SUPPLIED MATERIAL>

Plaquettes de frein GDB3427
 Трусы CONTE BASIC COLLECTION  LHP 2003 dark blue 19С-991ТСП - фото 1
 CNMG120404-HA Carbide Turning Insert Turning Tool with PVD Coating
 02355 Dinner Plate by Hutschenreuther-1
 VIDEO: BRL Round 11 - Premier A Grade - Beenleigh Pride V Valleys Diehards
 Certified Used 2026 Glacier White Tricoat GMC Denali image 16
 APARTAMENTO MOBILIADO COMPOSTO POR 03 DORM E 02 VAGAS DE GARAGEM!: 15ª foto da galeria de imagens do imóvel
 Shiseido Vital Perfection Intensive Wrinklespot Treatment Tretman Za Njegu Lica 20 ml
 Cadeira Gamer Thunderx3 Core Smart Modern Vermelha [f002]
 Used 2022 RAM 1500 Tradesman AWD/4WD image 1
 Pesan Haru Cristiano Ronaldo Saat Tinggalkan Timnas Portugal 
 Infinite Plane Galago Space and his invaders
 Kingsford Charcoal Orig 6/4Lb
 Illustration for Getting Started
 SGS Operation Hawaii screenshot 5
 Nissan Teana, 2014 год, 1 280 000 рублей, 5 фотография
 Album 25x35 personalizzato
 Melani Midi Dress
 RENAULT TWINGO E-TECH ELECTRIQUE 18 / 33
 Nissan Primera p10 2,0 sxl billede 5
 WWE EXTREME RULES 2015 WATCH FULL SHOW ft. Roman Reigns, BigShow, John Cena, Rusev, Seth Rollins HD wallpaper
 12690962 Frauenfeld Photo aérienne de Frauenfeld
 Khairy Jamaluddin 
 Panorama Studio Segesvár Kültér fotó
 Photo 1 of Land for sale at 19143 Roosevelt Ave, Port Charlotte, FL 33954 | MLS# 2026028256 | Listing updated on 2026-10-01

TASK OBJECTIVE> Of the lines in the data, report each one containing the string "Nissan".

ANSWER SECTION>
 Nissan Teana, 2014 год, 1 280 000 рублей, 5 фотография
 Nissan Primera p10 2,0 sxl billede 5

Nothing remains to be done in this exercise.